- [What to produce] Please output exactly the lines below, starting at the line that has "Windows 10 is" and ending at the line that has "Let's say our", both included; leave out all pictures and include nothing else.

- [Excerpted records]
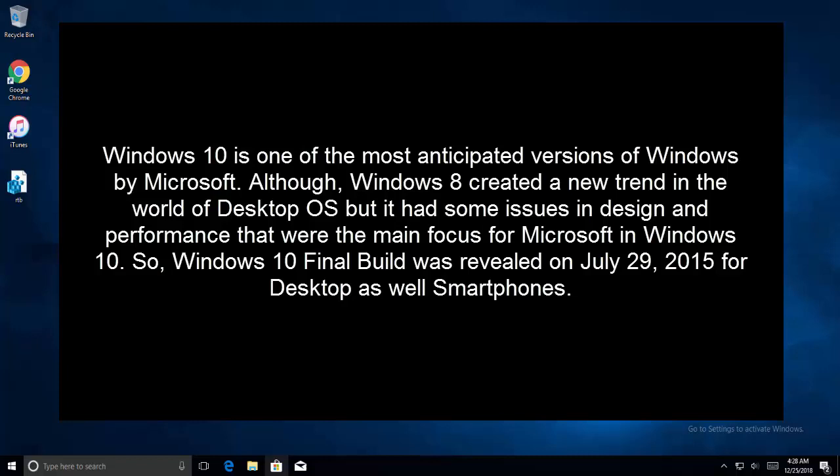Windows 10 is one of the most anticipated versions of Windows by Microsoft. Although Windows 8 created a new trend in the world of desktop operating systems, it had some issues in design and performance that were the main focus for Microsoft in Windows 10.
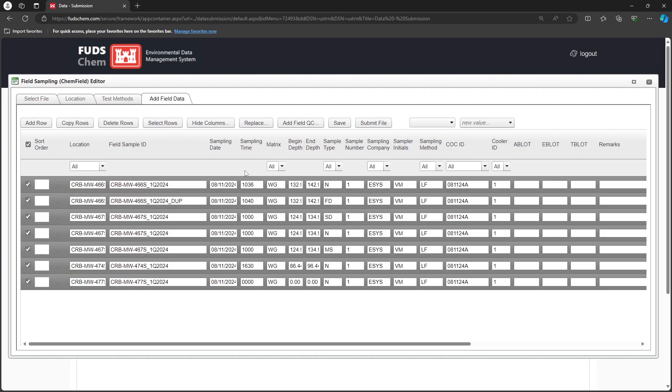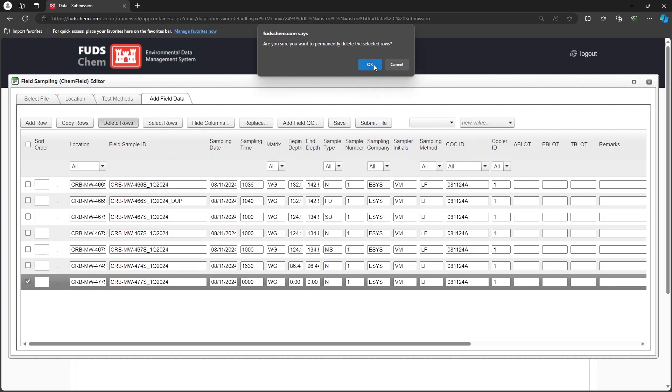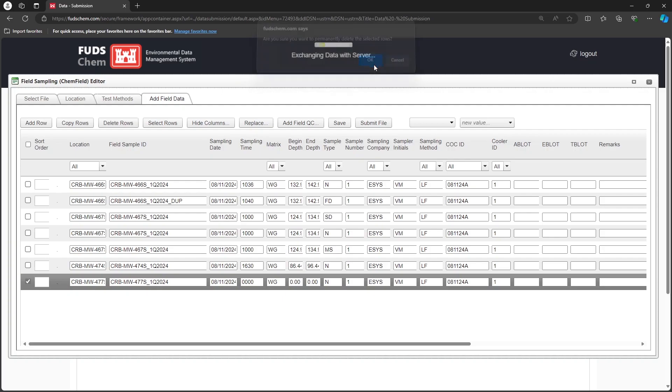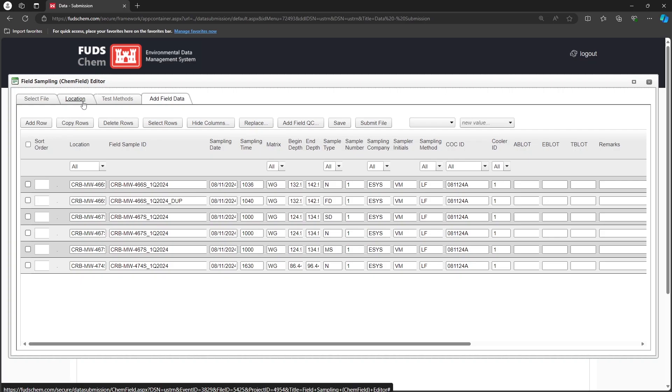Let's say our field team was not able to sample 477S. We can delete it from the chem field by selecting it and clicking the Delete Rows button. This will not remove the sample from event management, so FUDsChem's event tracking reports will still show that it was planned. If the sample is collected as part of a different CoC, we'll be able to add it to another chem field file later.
---
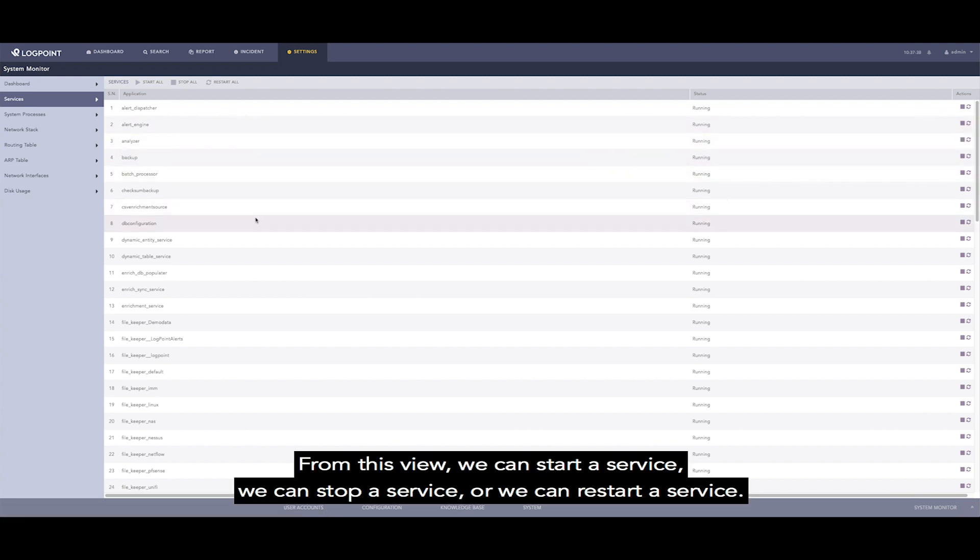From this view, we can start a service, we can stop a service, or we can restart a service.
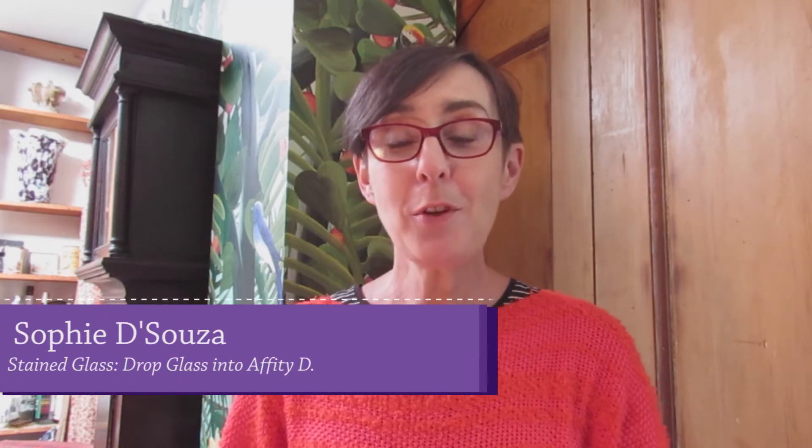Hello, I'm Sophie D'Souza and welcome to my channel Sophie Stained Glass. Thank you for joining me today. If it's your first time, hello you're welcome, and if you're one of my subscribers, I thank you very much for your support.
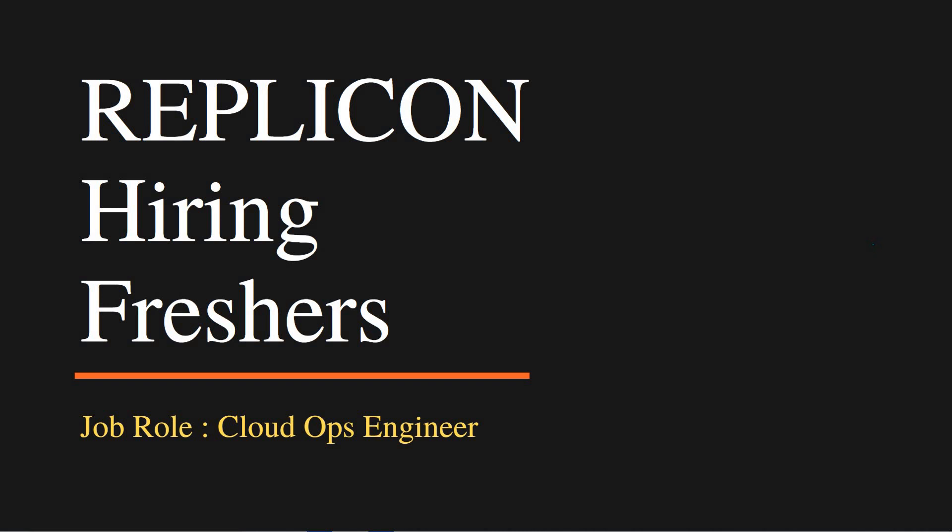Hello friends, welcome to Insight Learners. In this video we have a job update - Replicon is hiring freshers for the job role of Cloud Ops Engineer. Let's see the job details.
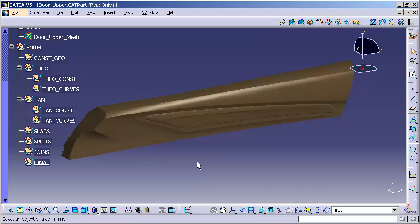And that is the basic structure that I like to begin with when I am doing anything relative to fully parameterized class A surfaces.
--
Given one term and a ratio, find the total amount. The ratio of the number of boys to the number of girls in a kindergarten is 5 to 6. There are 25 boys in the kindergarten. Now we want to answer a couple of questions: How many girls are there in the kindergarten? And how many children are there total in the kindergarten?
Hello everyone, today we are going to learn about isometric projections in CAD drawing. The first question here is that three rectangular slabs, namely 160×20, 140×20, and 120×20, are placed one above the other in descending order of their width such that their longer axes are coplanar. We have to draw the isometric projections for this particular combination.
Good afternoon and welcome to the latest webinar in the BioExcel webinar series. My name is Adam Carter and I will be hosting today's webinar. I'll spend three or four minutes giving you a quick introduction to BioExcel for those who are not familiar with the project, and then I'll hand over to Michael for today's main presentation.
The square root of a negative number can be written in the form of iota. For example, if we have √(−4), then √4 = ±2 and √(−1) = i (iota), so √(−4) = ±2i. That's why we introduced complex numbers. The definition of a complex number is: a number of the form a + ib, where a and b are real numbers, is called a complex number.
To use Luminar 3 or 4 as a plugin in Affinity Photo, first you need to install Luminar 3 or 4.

- [Reply to the exercise]
Windows 10 is one of the most anticipated versions of Windows by Microsoft. Although Windows 8 created a new trend in the world of desktop operating systems, it had some issues in design and performance that were the main focus for Microsoft in Windows 10.
Let's say our field team was not able to sample 477S. We can delete it from the chem field by selecting it and clicking the Delete Rows button. This will not remove the sample from event management, so FUDsChem's event tracking reports will still show that it was planned. If the sample is collected as part of a different CoC, we'll be able to add it to another chem field file later.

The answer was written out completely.